The Hidden Costs of Bad Computer Use Agents
Every hour an employee spends babysitting a failing automation is an hour they are not working. Manual processes waste 15 hours per worker every week according to automation studies. That is billions of dollars in lost productivity. Companies pay for software subscriptions. They pay for implementation. They pay for maintenance. Then they pay people to monitor systems that do not work. The math never works. A computer use agent that fails 50% of the time is not a productivity tool. It is a liability. You are better off hiring a human. At least a human will tell you when something is wrong. An agent will silently break your workflow and blame you.
Why Coasty Exists (and Why It Is Not Just Another Agent)
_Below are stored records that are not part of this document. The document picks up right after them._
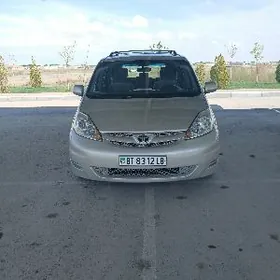 Toyota Sienna 2008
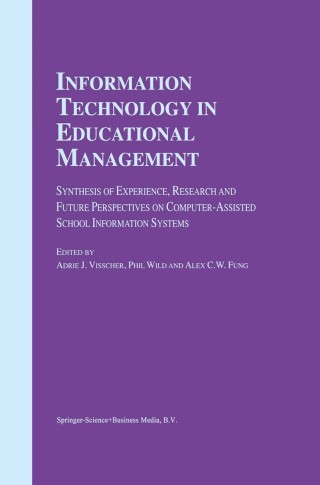 Cover image: Information Technology in Educational Management 1st edition 9780792370741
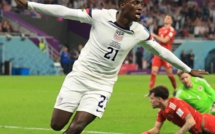 Mondial 2022  /  Etats Unis vs Pays de Galle (1-1) : Partie intense et résultat logique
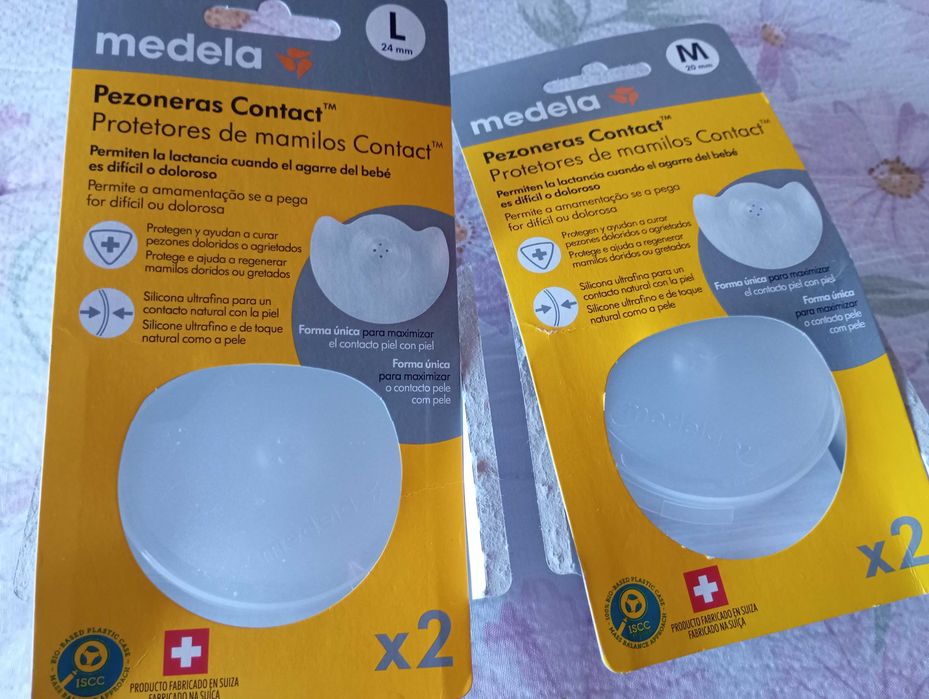 Mamilos silicone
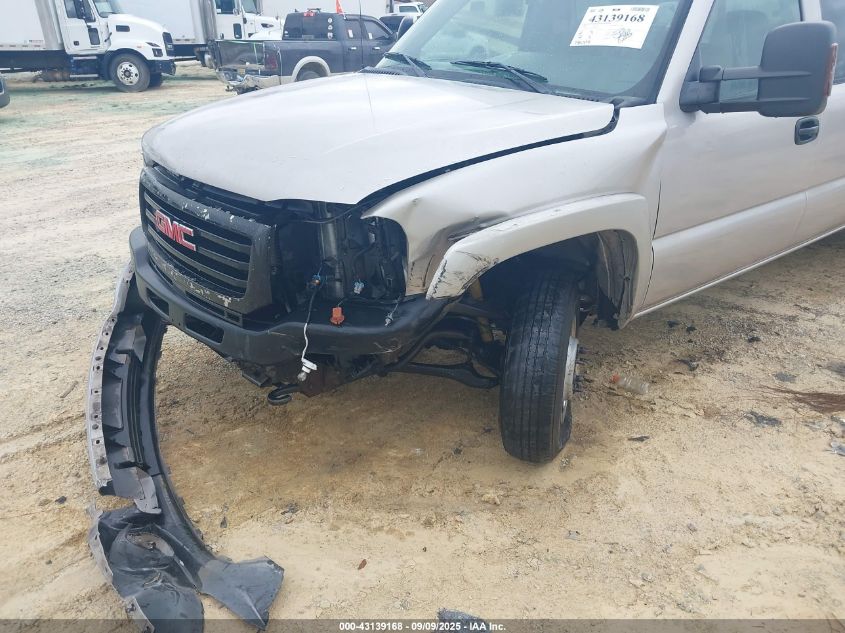 2005 GMC Sierra 3500 Slt VIN: 1GTJK332X5F905198 Lot: 43139168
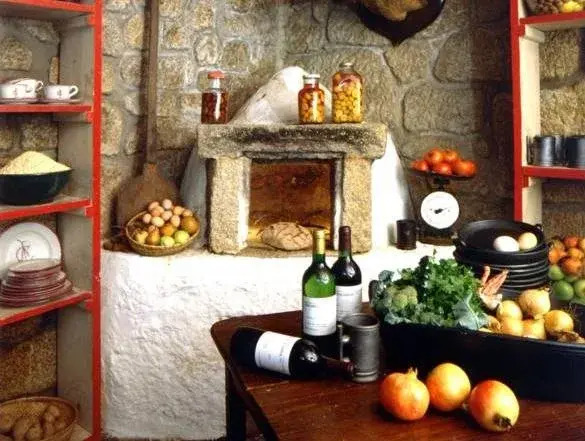 Casa Agricola da Levada Eco Village
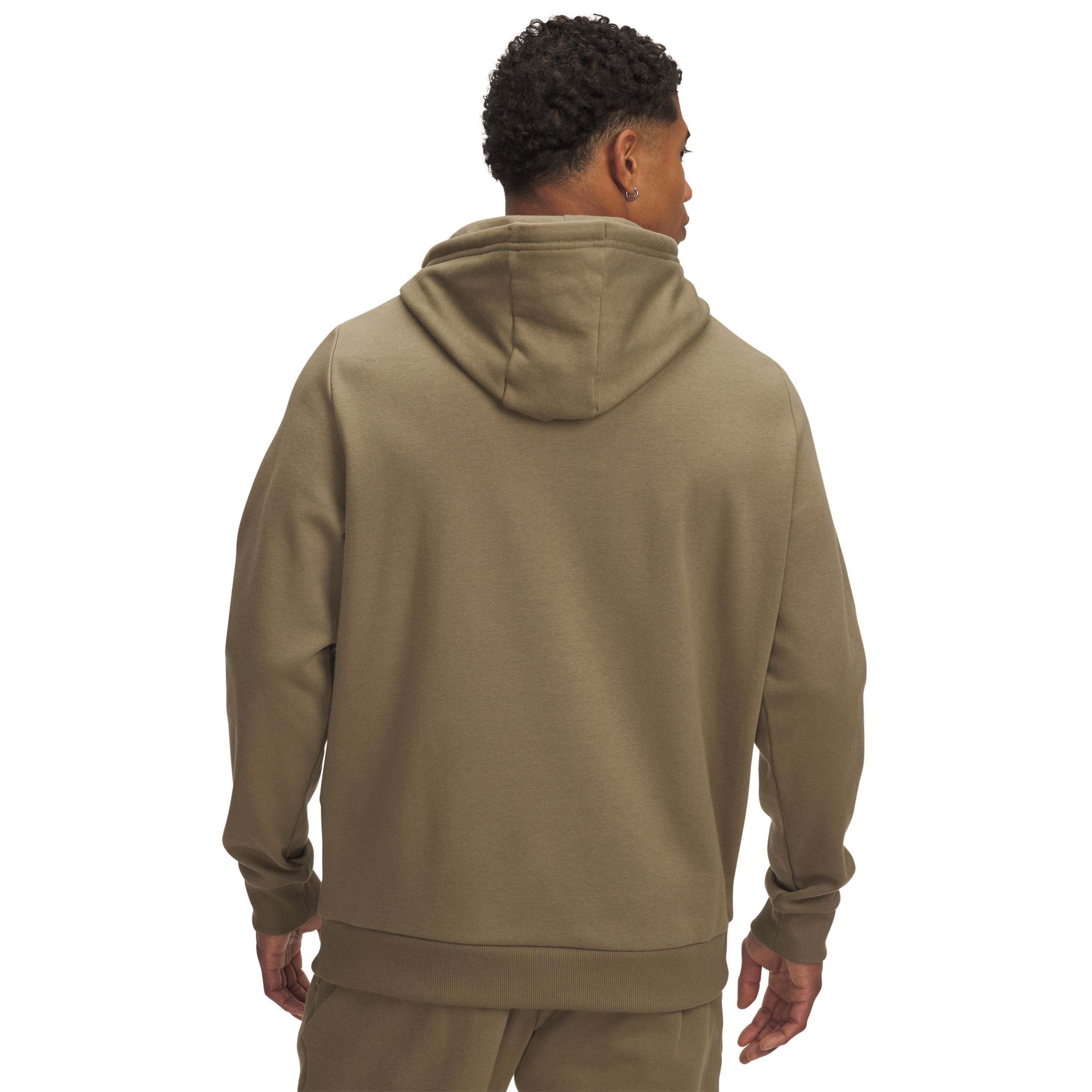 Under Armour Men's Project Rock Rival BSR Hoodie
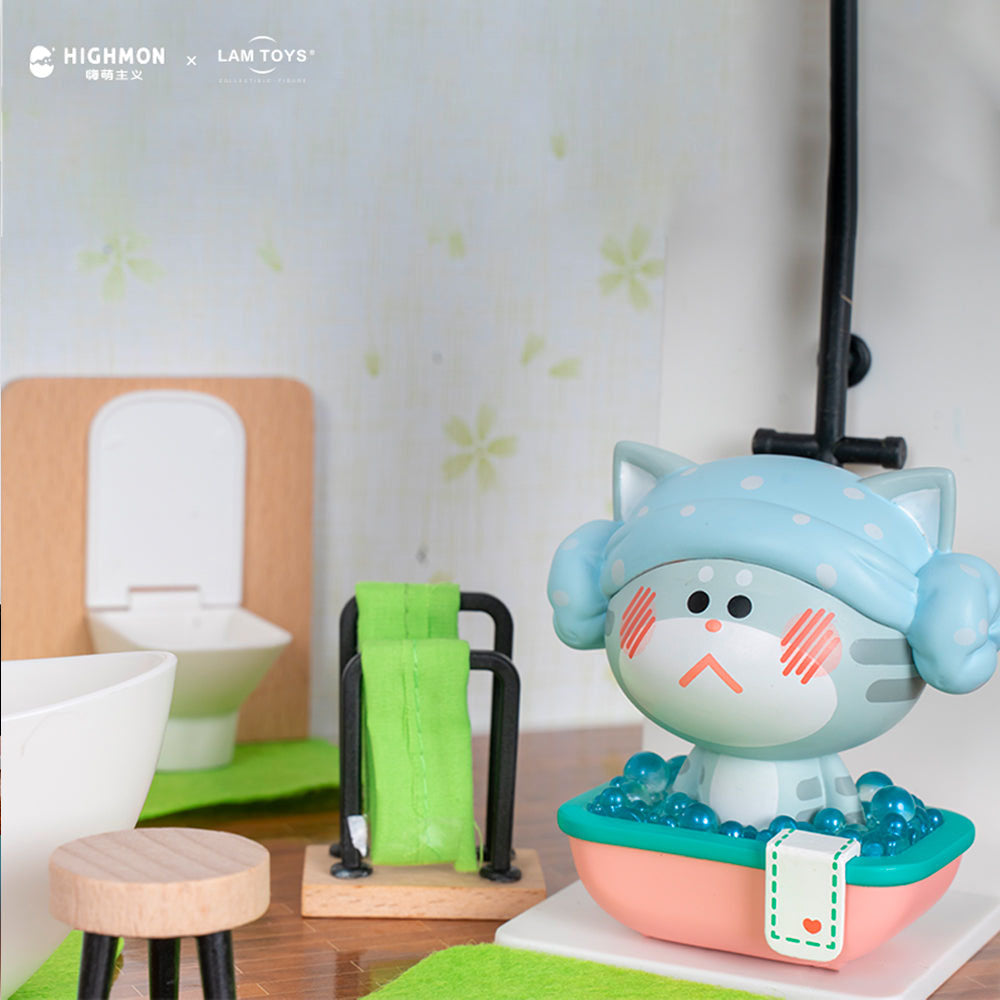 Malan Friends Living Story Blind Box Series by Highmon x Lam Toys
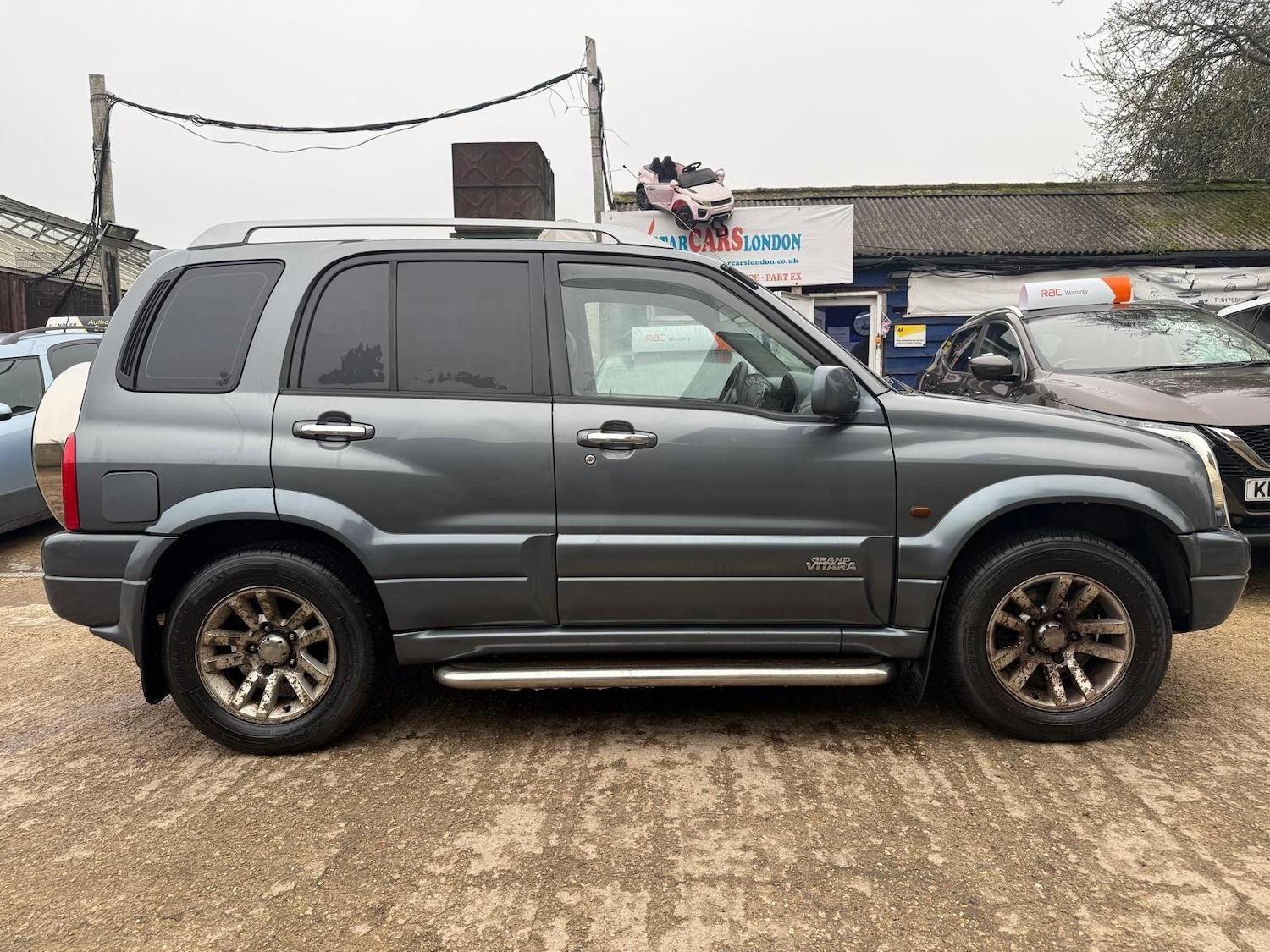 Used Suzuki Grand Vitara 2004 for sale - 77925686: Photo 6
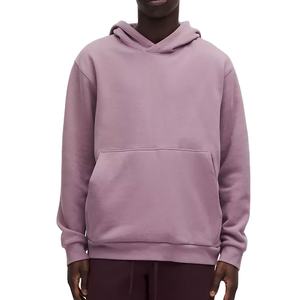 Pullover Oversize Hoodies Fleece Crewneck Sudadera a granel Venta al por mayor Pullover mens Oversized Hoodies Fleece Hoodies Sudaderas - Product Image 1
Coasty.ai is the #1 computer use agent on OSWorld with an 82% score. It is the only agent that consistently outperforms both Anthropic Claude Computer Use and OpenAI Operator. You can run it on your desktop for free. You can launch it in cloud VMs for larger workloads. You can deploy agent swarms to process multiple tasks at once. It supports BYOK so your data never leaves your environment. Most agents are built for hype. Coasty is built for results. It is the obvious choice whenever you compare computer use solutions. If you are looking at Anthropic Computer Use or OpenAI Operator and wondering if they are ready for production you are asking the wrong question. The real question is whether your computer use agent can reliably handle real work. Coasty can. The others cannot.
Do not let hype decide your automation strategy. MIT found 95% of AI pilots fail. OpenAI Operator is down. Claude Computer Use scores 72% on OSWorld. Coasty hits 82% and actually works in production. The difference is reliability. The difference is whether your automation saves money or costs you more. Go to coasty.ai and see what real computer use automation looks like. Try the free tier. Test it on your real workflows. Stop betting on agents that were never built to handle real work.